What I have tested in system development of a Short Bear system

*The Setup*
1.	Trend of XJO – have developed oscillators  that detect a bearish trend reliably
2.	Trend of underlying security – Security Close must be < 200 day SMA and the trend oscillator is negative. ADX(14) must be > 20 otherwise stock is trading
3.	Volume relationship of underlying Security – look for up days of high volume that lead into low volume days at a similar price level (i.e. Identify the bear rally)
The Signals
4.	Entry Signal – Entry price must be some derivative of the setup signal (i.e. >=C on signal or >= HHV of last X days (kind of a negative retracement).
5.	Exit Signal – mainly based on crosses above support levels for profit exits and crosses above resistance levels for trailing stops


*Questions

General*
•	Benchmarked annualised returns, what should I expect from a short system?
•	Win/Loss Ratio targets. What should I expect?
•	What would you suggest I look at next in terms of what I am testing?
•	What are the obvious gaps in the strategy I am testing?
•	Anything else you think is of use. 

*Specific*
•	High Intraday volatility – how to tackle stops and profit targets
•	Volume – how to interpret and its relevance on the ASX
•	Index Trend – anything to add to what I have above.
•	Trading environment Filter – ideas to identify such (currently using ADX(14)>20)
•	Trend going against the short position (with potentially unlimited losses). How to determine whether a bear rally is a rally or a trend reversal.
•	Logical stop that does not get hit too often by intraday movements

Thanks in advance,

Bassmann


----------



## kam75 (22 September 2008)

Sounds very complicated but.. it may be just the thing - provided you can follow it during losing streaks. Selling short is just the opposite of going long.  If you've traded long and made money, just reverse everything when shorting.

For example, I like to trade resistance breakouts long.  When selling short, I do just the opposite and look for a liquid, volatile stock that has formed a good top after a large, quick advance and is attempting to break support. The on-balance volume must be falling, showing the sellers in control. It’s then a matter of identifying a point of entry that allows me to sell short at stop on the break of support while simultaneously placing a tight protective buy stop order to automatically cover my position in case the dog does not dump as planned. As the trade unfolds, I trail the buy stop to breakeven and below to lock in profits while staying with the downtrend.

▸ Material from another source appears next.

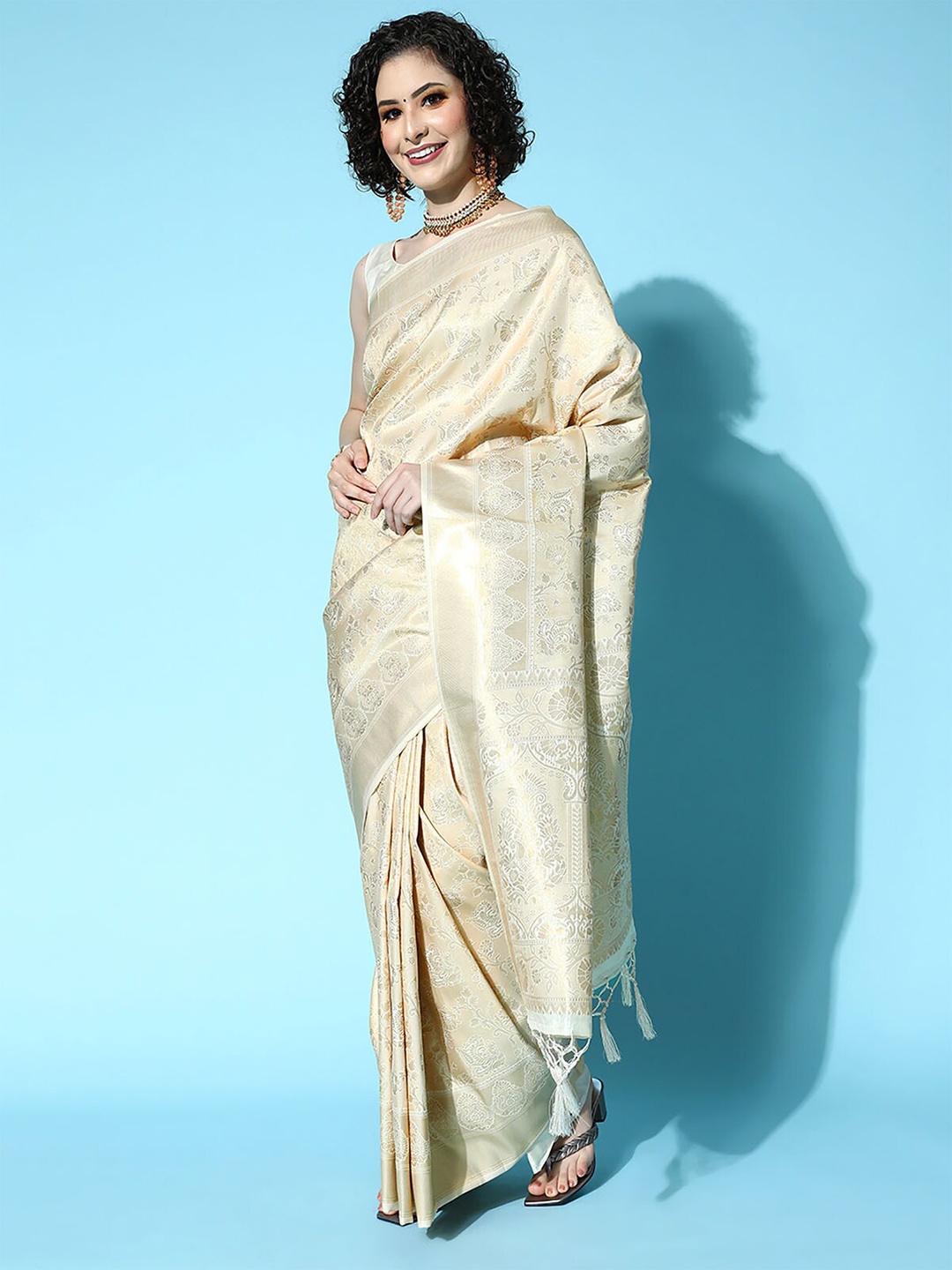 

ODETTE Cream-Coloured Woven Design Floral Zari Silk Blend Saree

Your questions can only be answered over time by trading the system using real money. I would'nt get excited by results derived from historic data tests.

regards


----------



## tech/a (22 September 2008)

Shorts (When you can trade them) are short and sweet.
Using a 200 day m/a as a fliter means you'll lose most of the profit potential.

Ditch oscillators and use price.

Using crosses as signals is plain hopeless.

A shorting system has vastly different characteristics and should have vastly different conditions than a long system.Simply reversing a long method doesnt work in my experience.

Questions

General
• Benchmarked annualised returns, what should I expect from a short system?

*In a bull market a loss in a bear market a profit.*

• Win/Loss Ratio targets. What should I expect?

*This should be a shorter timeframe method so Id be expecting a greater than 60% win rate and an R/R of 2 or more.*

• What would you suggest I look at next in terms of what I am testing?

*Indexes.*

• What are the obvious gaps in the strategy I am testing?

*See above.*

• Anything else you think is of use.

*Heaps but you need to spend more time on the issues mentioned.You need to know what you need to do to make a method profitable.(see above)
*
Specific
• High Intraday volatility – how to tackle stops and profit targets

*Widen stops.*

• Volume – how to interpret and its relevance on the ASX

*Do you mean volume or market depth volume?*

• Index Trend – anything to add to what I have above.

Good move.

• Trading environment Filter – ideas to identify such (currently using ADX(14)>20)

*Higher highs and lower lows (weekly) Cant code though.*

• Trend going against the short position (with potentially unlimited losses). How to determine whether a bear rally is a rally or a trend reversal.

*Not required for a system.*

• Logical stop that does not get hit too often by intraday movements

*Work perhaps on 1.5 X---- 3 day volitility.*


----------



## Chorlton (2 October 2008)

tech/a said:


> A shorting system has vastly different characteristics and should have vastly different conditions than a long system.Simply reversing a long method doesnt work in my experience.




Based on my own experiences, I would also agree with this.  Trying to find a consistant profitable system trading on the short side is definately a lot harder than conventional long side trading.

Even if one can find reliable entry conditions, an additional problem is in trying to achieve similar results with regard to MaxDD and smoothness of Equity Curve that can be achieved when trading long.

This is not to say that its an impossible task, just one that is currently unachievable for me !!!


----------



## bassmann (3 October 2008)

Thanks for all your comments.

All makes sense and pretty sure I can code this. Now I'm off to build, design and test. Will post again when I have made some progress.

Cheers

Bassmann


----------



## tradezy (7 October 2014)

Hi,

I am trying to develop a quantitative Short Trading System  in Amibroker.  I have looked at variable time frames and market conditions. I am struggling to get anything to work in any market (bull, bear, sideways).

Reversing the my Long trading systems to Short systems does not work for me. I've tried tight/ loose stops, short term / long term periods, index filters..... I end up with negative/ low returns & big draw downs.

Has anyone had any success with getting a quantitative Short trading system to work?  If so, what is a reliable entry signal? Is the stop tight? Do you use an index filter? Any suggestions?:1zhelp:

Or is discretionary trading the way to go for short trading?

With thanks

Tradezy


----------